Bill Toews, a Manitoba farmer and former CWB director, said a decision would likely be made this week.
“My view is that we will likely appeal because in our opinion and in counsel’s opinion, there were a number of errors that were made in the judgment.”
Toews said plaintiffs in the case were particularly concerned by Perlmutter’s interpretation of Section 47.1 in the former CWB Act.
“I guess one of our main concerns is that he … did not understand, in our opinion, the purpose and intent of Section 47.1,” Toews said.
Response to Perlmutter’s decision has been mixed.
Allan Oberg, another plaintiff and former chair of the CWB, said he and other displaced CWB directors were disappointed.
“As elected representatives of the farm community we (believe) … that our democratic rights have been ignored by the minister of agriculture,” he said.
But supporters of the federal legislation endorsed Perlmutter’s decision.
In a statement issued late last week, federal agriculture minister Gerry Ritz applauded the ruling, suggesting it would provide certainty to farmers and grain handlers.
“Our government knows that producers need market certainty as they move forward and this decision allows farmers the best possible opportunities to succeed as they transition to an open market,” Ritz said.

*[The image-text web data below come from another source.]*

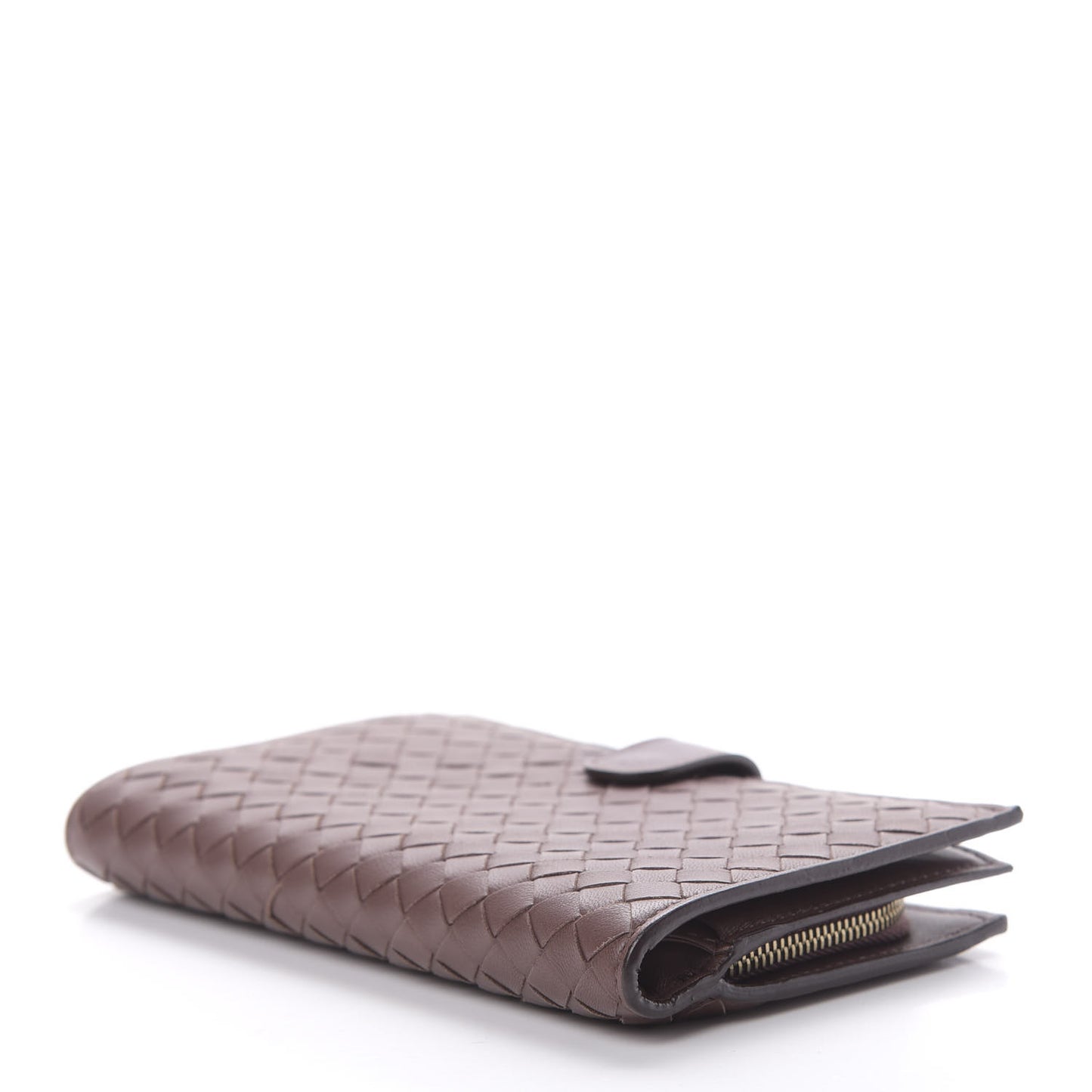 Nappa Intrecciato Continental Wallet Truffle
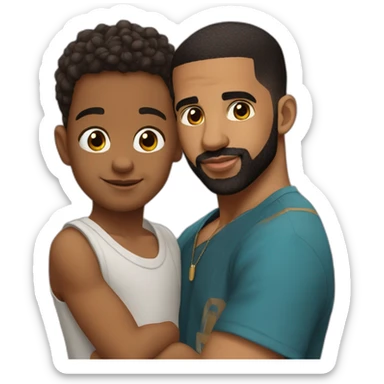 drake et son fils adonis sticker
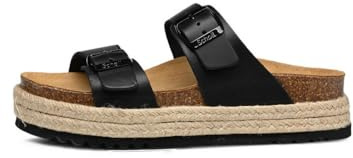 Scholl Ines-tofflor och tofflor, svart, 38 EU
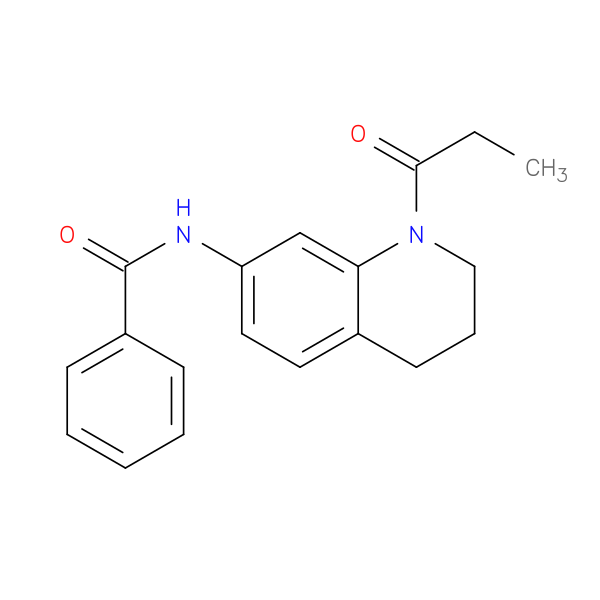 N-(1-propanoyl-1,2,3,4-tetrahydroquinolin-7-yl)benzamide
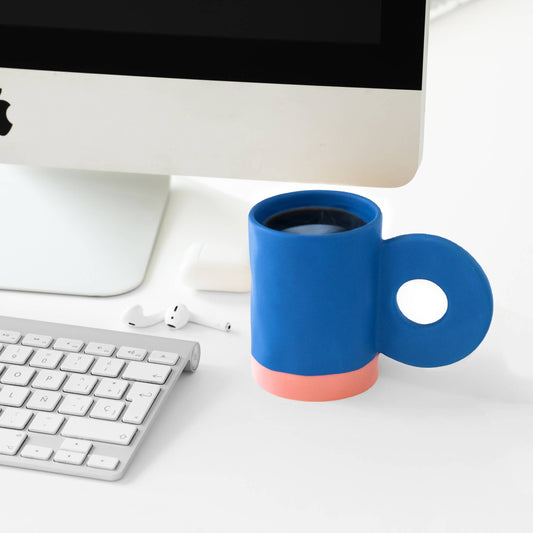 Mug en Céramique Bleu Helio Ferretti Vue 1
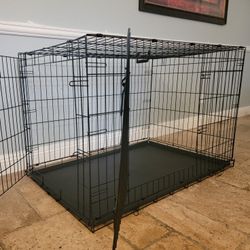 New IN Box! XXL'XXXL Dog Crate 2 Doors With Tray Up To 125lbs Folding Puppy Dog Kennel Animal Cage 4th Of July Dog Anxiety Cage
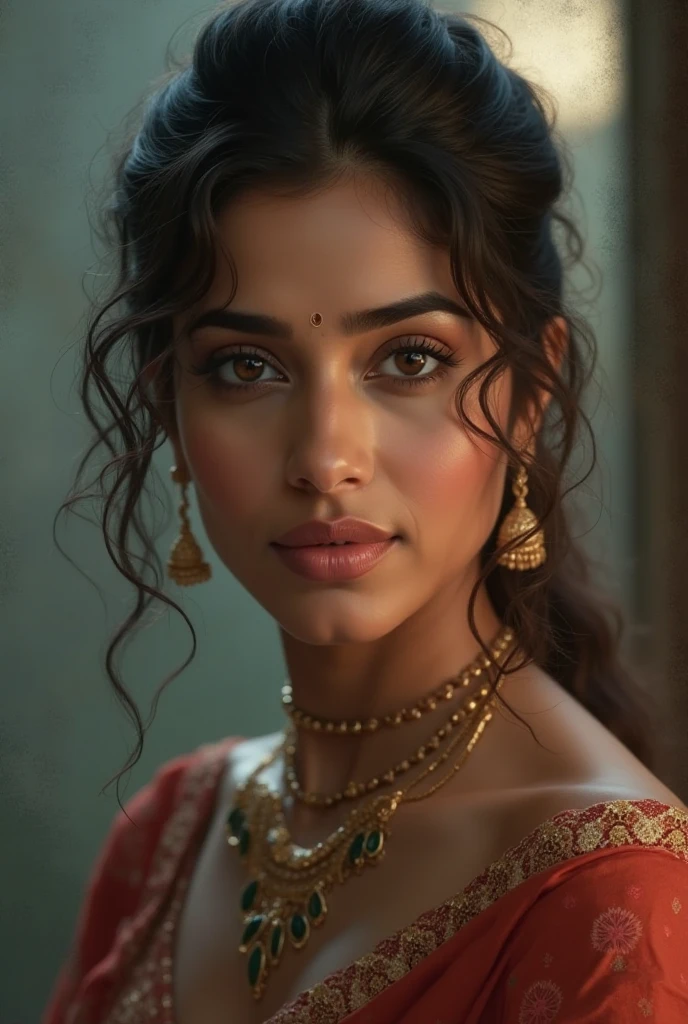 cinematic still, A shot of an 18 year old Iranian-Arab woman ,highly detailed skin with hair , emotional, harmonious, vignette, 4k epic detailed, shot on kodak, 35mm photo, sharp focus, high budget, cinemascope, moody, epic, gorgeous, film grain, grainy,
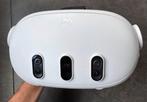 Meta Quest 3 VR headset - 128GB, als nieuw, Elite Strap, Box, Spelcomputers en Games, Virtual Reality, Ophalen of Verzenden, Nieuw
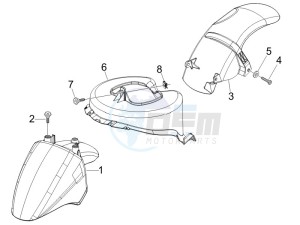 Fly 150 4t e3 drawing Wheel housing - Mudguard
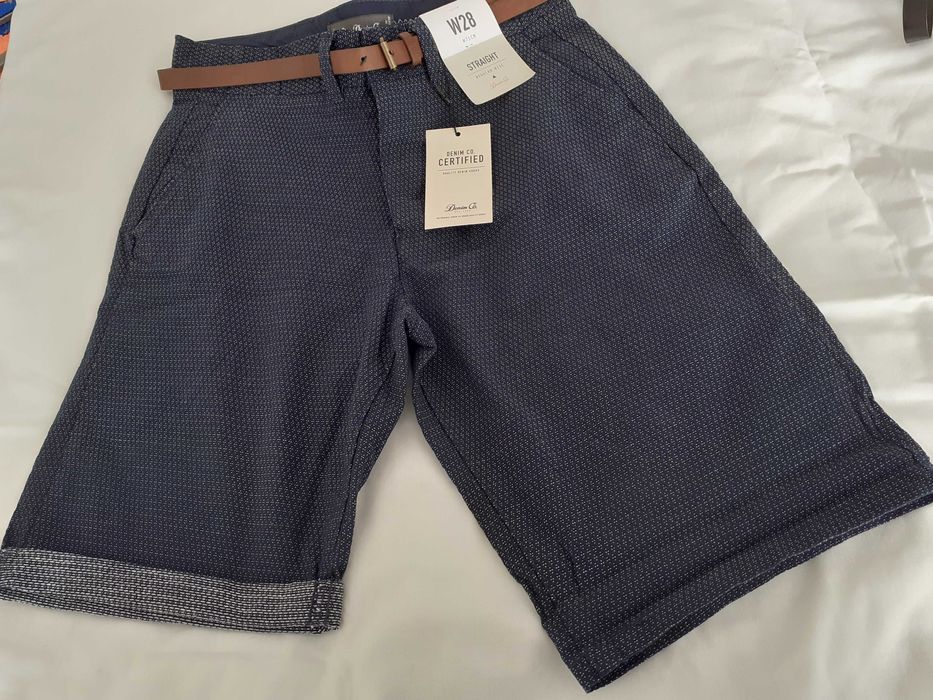 мъжки къси панталони с колан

The Western Canadian Wheat Growers also applauded the ruling, called it a victory for western Canadian grain farmers.
“This ruling removes the uncertainty that was overhanging the marketplace,” said Manitoba farmer and WCWG vice-president Rolf Penner.
“Farmers and the trade can now be confident in their business decisions, knowing that an open market for wheat and barley is no longer in doubt.”
Plaintiffs in the case argued that the federal government ignored existing laws when it passed Bill C-18, which will end the wheat board’s monopoly over wheat and malting barley as of Aug. 1.
Their case was based on the assertion that Ottawa contravened Section 47.1 of the former Canadian Wheat Board Act by refusing to hold a producer referendum before making major changes to the wheat board’s mandate.
The plaintiffs also argued that passage of Bill C-18 in mid-December would cause financial hardship for western Canadian farmers, a notion that was rejected in Perlmutter’s ruling.
“Given the conflicting evidence, it is far from clear that producers’ incomes will be adversely affected,” Perlmutter wrote.
“The weakness of the plaintiffs’ case reduces the risk that there will be any harm which calls for a remedy and increases the risk that an injunction may prevent the enforcement of valid legislation.”
Despite Perlmutter’s ruling, there are still plenty of unanswered legal questions surrounding Western Canada’s murky grain marketing environment.
At least two class action suits have already been initiated against the federal government seeking compensation for monetary losses suffered by farmers.
One of those cases will also use constitutional arguments in hopes of having the farmer-controlled CWB reinstated.
The federal government is also appealing a December 2011 Federal Court ruling that suggested Ottawa violated the Canadian Wheat Board Act.